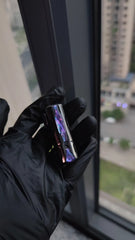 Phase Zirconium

....

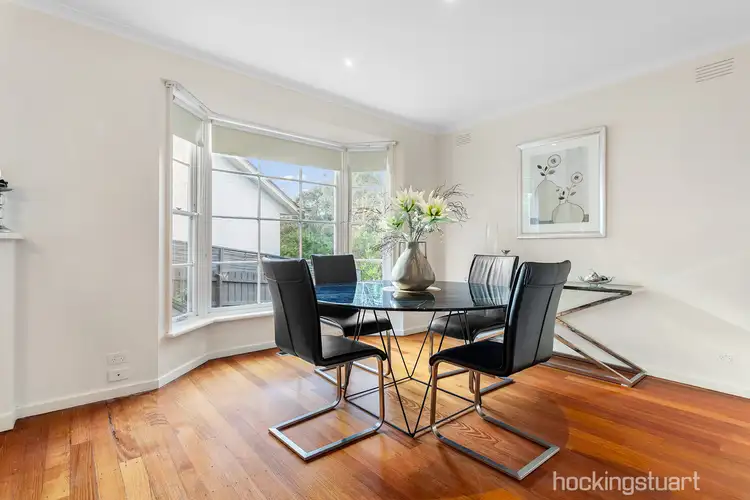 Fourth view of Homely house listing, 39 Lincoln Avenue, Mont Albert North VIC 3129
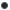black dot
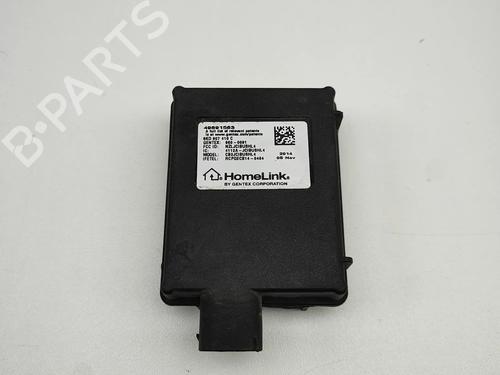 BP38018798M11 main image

....

Reproduce the data above exactly, but only the lines from the one showing "Fourth view of" through the one showing "BP38018798M11 main image", with both ends kept and the pictures left out.

 Fourth view of Homely house listing, 39 Lincoln Avenue, Mont Albert North VIC 3129
black dot
 BP38018798M11 main image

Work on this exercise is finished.